В аэропорту я случайно пересёкся со знакомой, она узнала меня и стала рассказывать о событиях своей жизни. Когда за стеной фактов засияла радость искреннего интереса, я остановил её, указал на переживание радости и пригласил показать мне его подробнее. Она сдвинулась навстречу, но уже через пару секунд раздражённо остановилась: «вот ты общаешься с людьми так, как ты хочешь, а не так, как они хотят; это мне не нравится, невежливо и вообще не буду тебе ничего показывать».
Заблуждение, перетёкшее в претензию, — что я общаюсь «как я хочу», а не «как люди хотят», где она причисляет себя к якобы большинству, противопоставляя меня им. Это распространённая манипуляция, которая на постсоветском пространстве приняла форму: «ты эгоист, думаешь только о себе, а должен ставить себя на место других и угадывать их желания», а на европейском: «мы толерантны к толерантным и нетолерантны к нетолерантным». Было бы корректно сказать что-то вроде: «я общаюсь как я хочу, а ты общаешься как ты хочешь, и мы не пересекаемся в наших желаниях».

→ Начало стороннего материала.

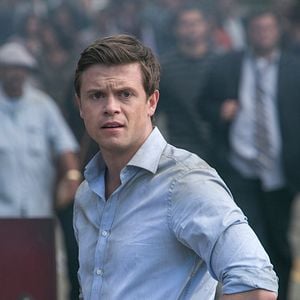 Photo Hugo Johnstone-Burt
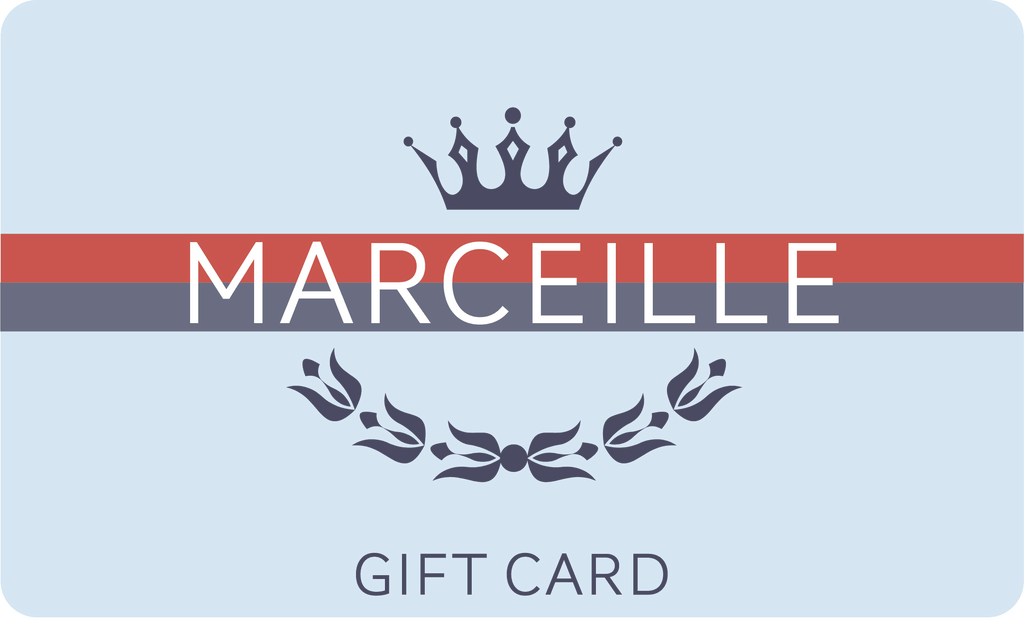 Marceille Gift Card - Marceille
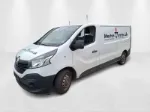 Picture of Renault - Trafic 125 T29, 1.6 dCi 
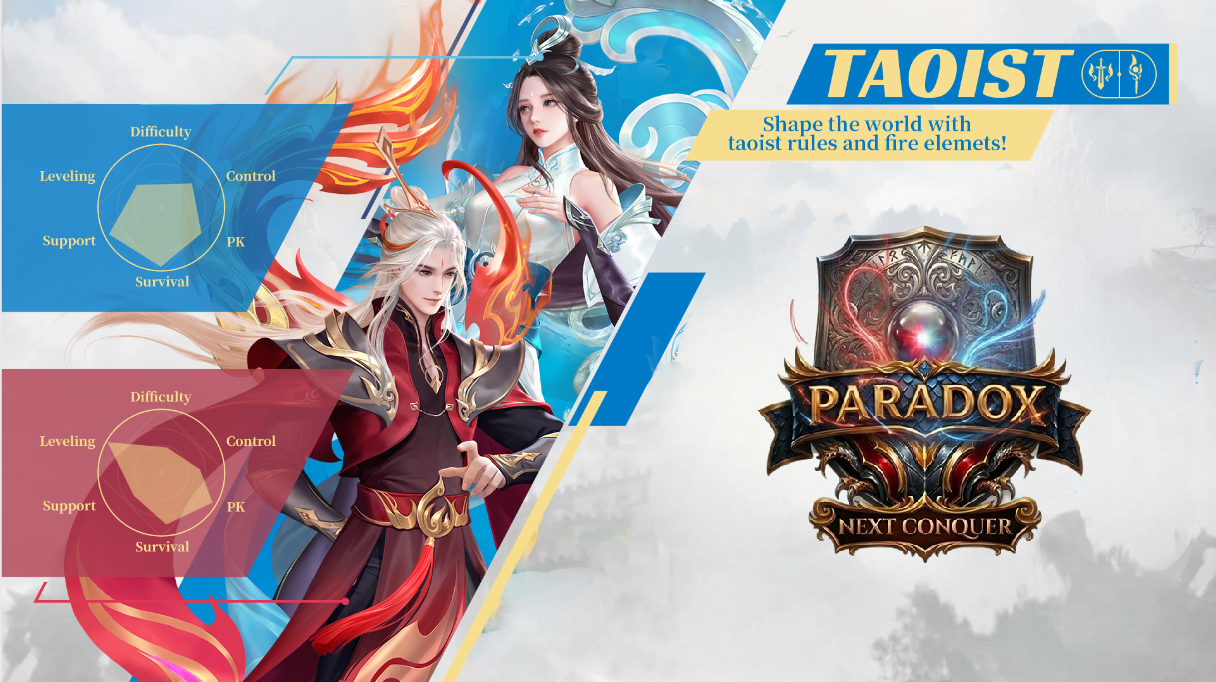 Water Taoist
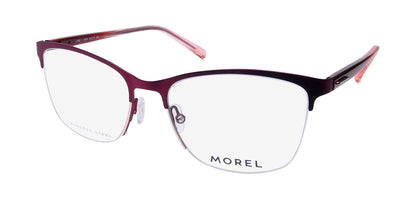 Morel June 2 Eyeglasses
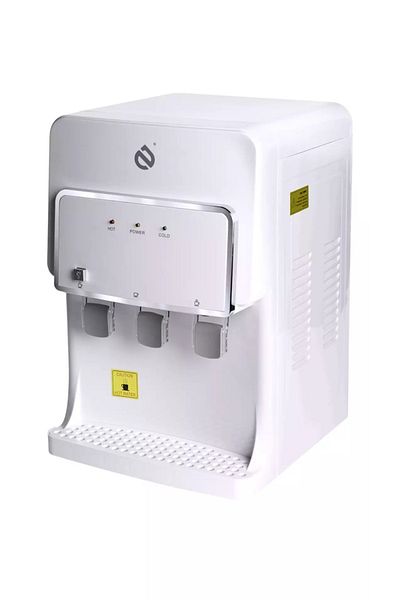 NAQA ALNABEA Classic white purity cooler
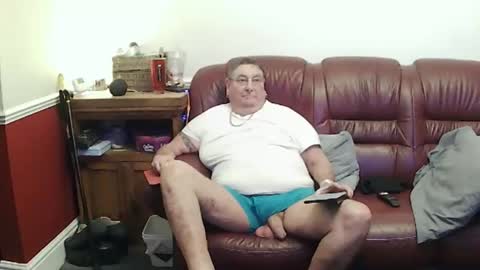 Snapshot of maxi_johnes chatting on April 3, 2026, 11:36 pm MAX online show from April 3, 2026, 11:36 pm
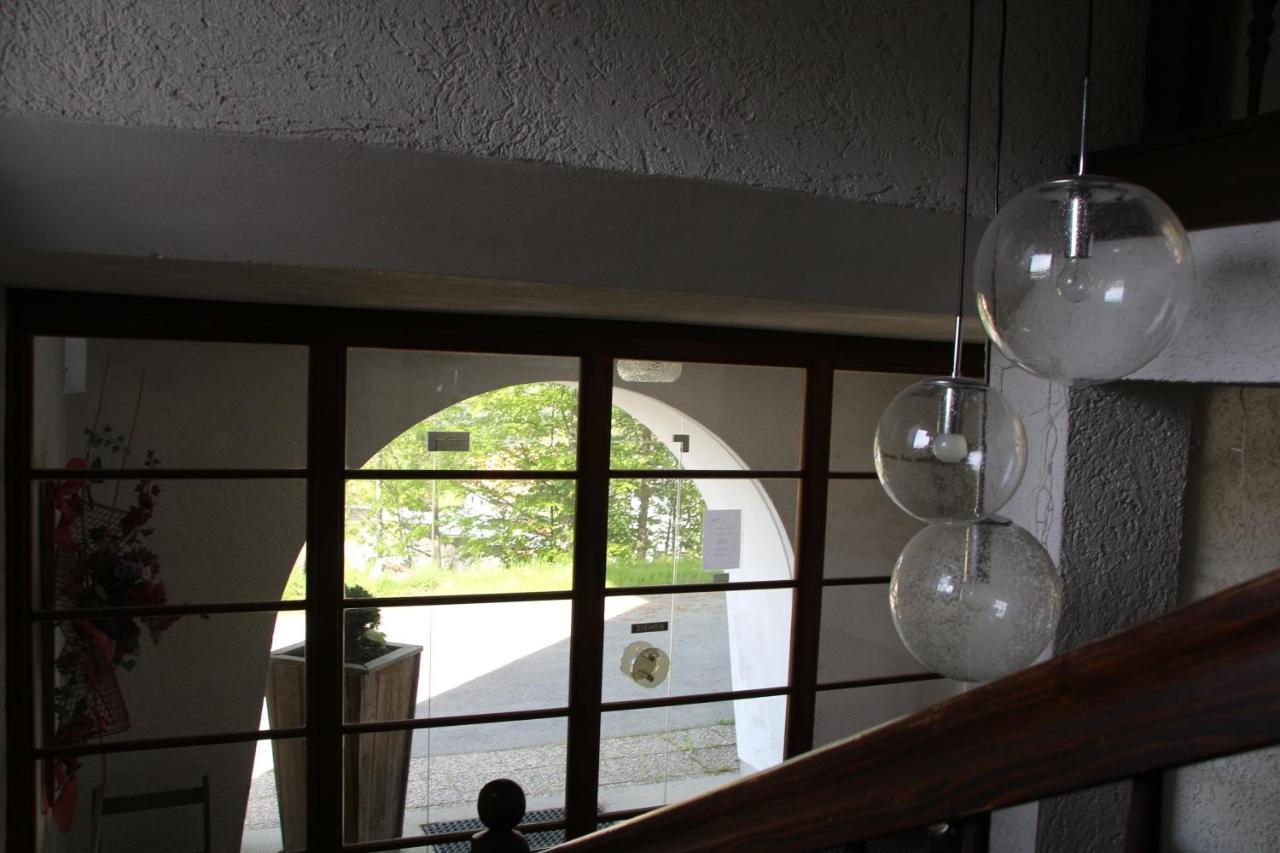 Apartman Mitterdorf Almberg 7 Mitterfirmiansreut Extérieur photo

Но стоит сказать, что она права, что я не общаюсь как другие. Многочисленные попытки «общаться по-нормальному» показали, что я физически заболеваю от соразделения смолл-тока, диалога о погоде или шейринга политическими предубеждениями. Это не блажь или выебоны, это буквально так устроен мой энергетический метаболизм. Моё стремление общаться с людьми на глубоком уровне близости выросло не из фанатизма по ковырянию в чужой душе, а из потребности в общении и частых отравлений неподходящими мне его способами.
Мне токсично всё, что я идентифицирую как неживое, — от нетворкинга веб-саммита до совместных практик дыхания левой ноздрёй; от музейных экспонатов до работы полицейских; от дней рождения до кинки-вечеринок. По секрету всему свету, то там, то сям, на супервизиях, интервизиях или кулуарных беседах выясняется, что вообще-то это токсично не только мне или чутким телесным мастерам. Неживое токсично абсолютно всем. Другое дело, что в ход идёт основной аргумент: «ну а как ещё?». В мире, где низкая чувствительность — норма, я отношусь к девиантам, и это моя задача и ответственность — приспособиться и найти единомышленников.
Несколько лет назад я впервые за долгое время съел пачку чипсов. Потом блевал. С тех пор я чипсы не ем вообще.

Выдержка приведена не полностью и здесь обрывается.